### Supplied records ###
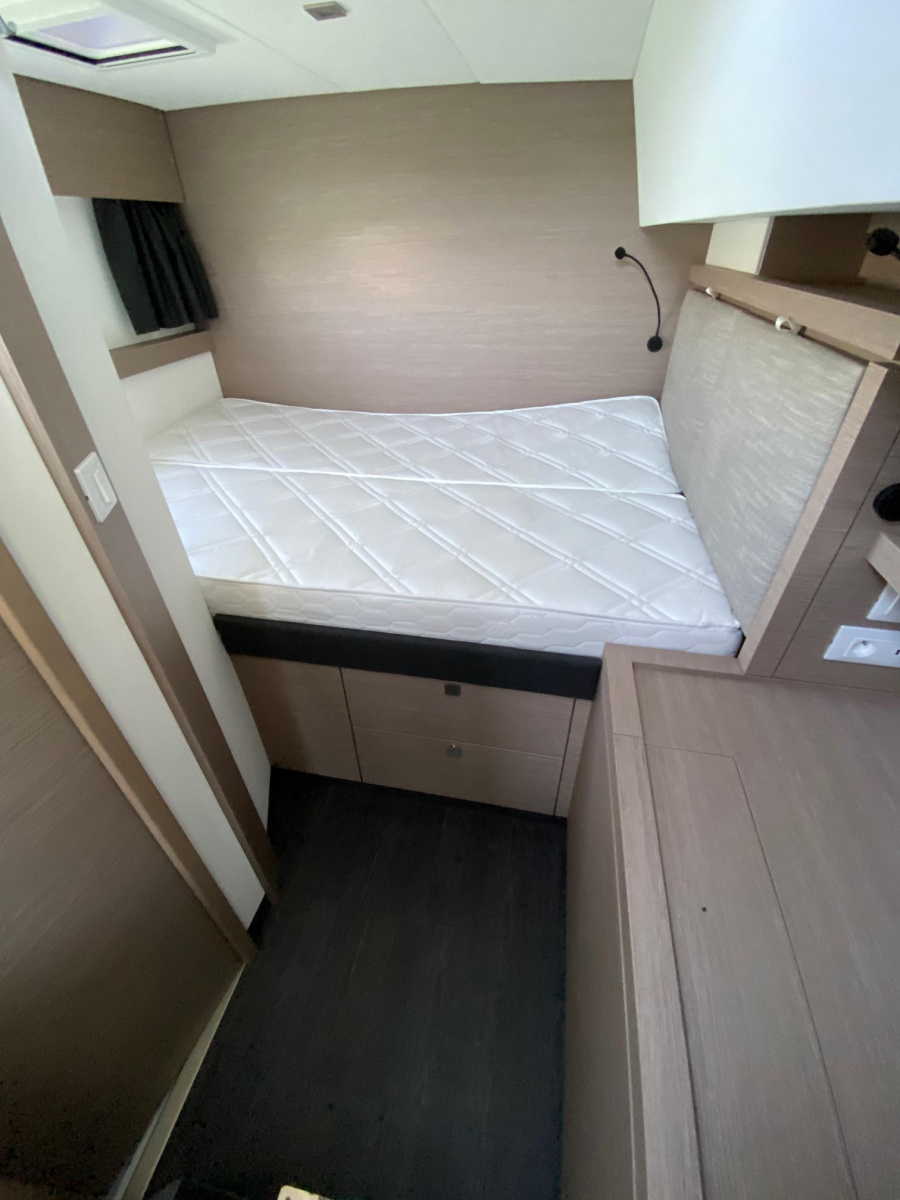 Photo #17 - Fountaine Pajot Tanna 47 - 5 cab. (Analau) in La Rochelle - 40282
###
### Supplied records ###
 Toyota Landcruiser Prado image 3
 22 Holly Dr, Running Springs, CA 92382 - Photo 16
###
● **What is needed**:
In the listing above, find the line with "Toyota Landcruiser Prado image 3" and the line with "22 Holly Dr, Running". Output those two lines and every line between them, exactly as written.

● **Exercise solution**:
 Toyota Landcruiser Prado image 3
 22 Holly Dr, Running Springs, CA 92382 - Photo 16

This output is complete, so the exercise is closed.